Creating a start-up company

By Kathryn Christopher and Leah Bauer | 1/4/15 11:48pm


When most engineering students hear the word entrepreneurship they think risk, obstacles and business politics. In general, these are not things most people like to encounter, but they fail to see the bigger picture: the link between entrepreneurship, innovation, start-ups, creativity and economic growth.

As engineering students ourselves, we were hesitant to even try starting a company because it was something completely foreign to us. This unknown made it hard to see anything but the risk and commitment involved. Engineers tend to be very logical in their thinking, and we were no different.

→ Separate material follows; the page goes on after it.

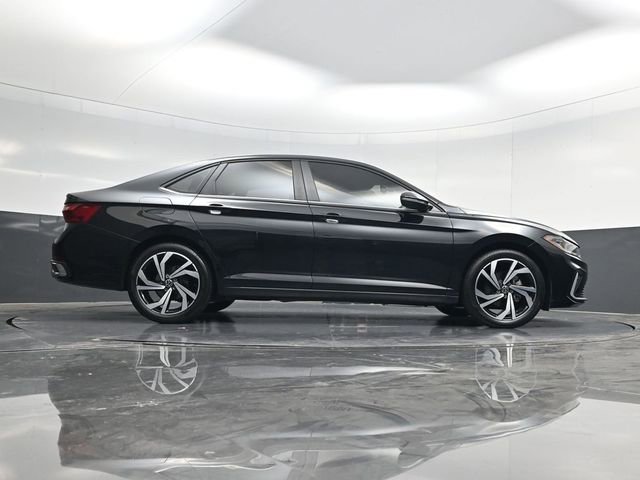 Used 2025 Volkswagen Jetta SEL FWD image 52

The fact that only 1 in 10 start-up companies are actually successful initially deterred us from attempting to create a start-up. However, with a little encouragement from our professors and our teammates, we took the first step by entering an innovation competition called Michigan Collegiate Innovation Prize. After that, we took bigger and bigger steps toward entrepreneurship and eventually took the plunge together by starting a small medical device company, Fluition LLC.

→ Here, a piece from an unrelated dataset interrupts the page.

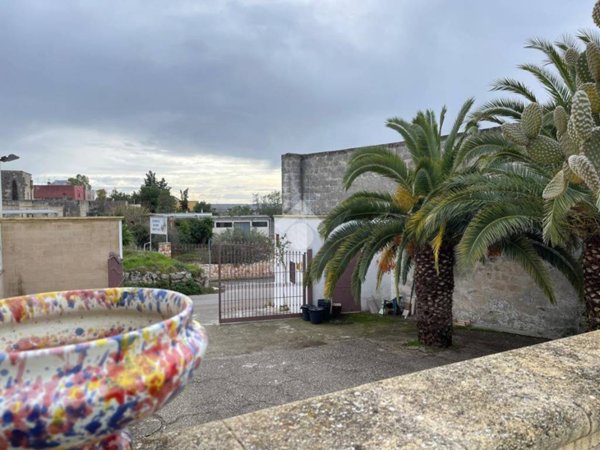 casa indipendente in vendita a Grottaglie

We quickly learned that, while engineers could come up with innovative products, they are useless without research, business and marketing to back them up. If our products are not in demand, or no one knows they exist, they would be extremely difficult to sell! Once our engineering and business sides came together, our large obstacles seemed to shrink. Every question had an answer, even if it was difficult to find, and not only did we collaborate on our projects, but we pushed each other to grow personally and professionally.

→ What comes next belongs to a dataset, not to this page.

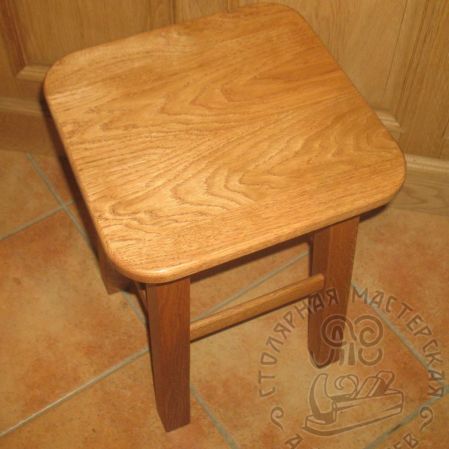 1.3 Taburet Massiv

While our story is not over yet, we have come a long way since our beginning. We are completing the last year of our undergraduate degrees, and we agree that starting this company has taught us more than any classroom assignment ever could have. It is our hope that students everywhere can be exposed to how engineering and business can work together to develop truly amazing products. Exposure to entrepreneurship should start early and occur often, and projects that span multiple disciplines should be the standard, not a happy accident. The curriculum in our schools desperately needs to catch up to reflect the innovative spirit of the 21st century.

Our experience starting a company and joining the University Innovation Fellows has opened our eyes more that we ever thought possible. Now that we have realized the importance of entrepreneurship to our education, our next step is to provide other students with similar opportunities to innovate and change the world around them. We need to step up and support our community just like it supported us at our fragile beginning. If we had to identify the single most important thing we have learned through this process it would be this: Students really can change the world, but only if you allow them to.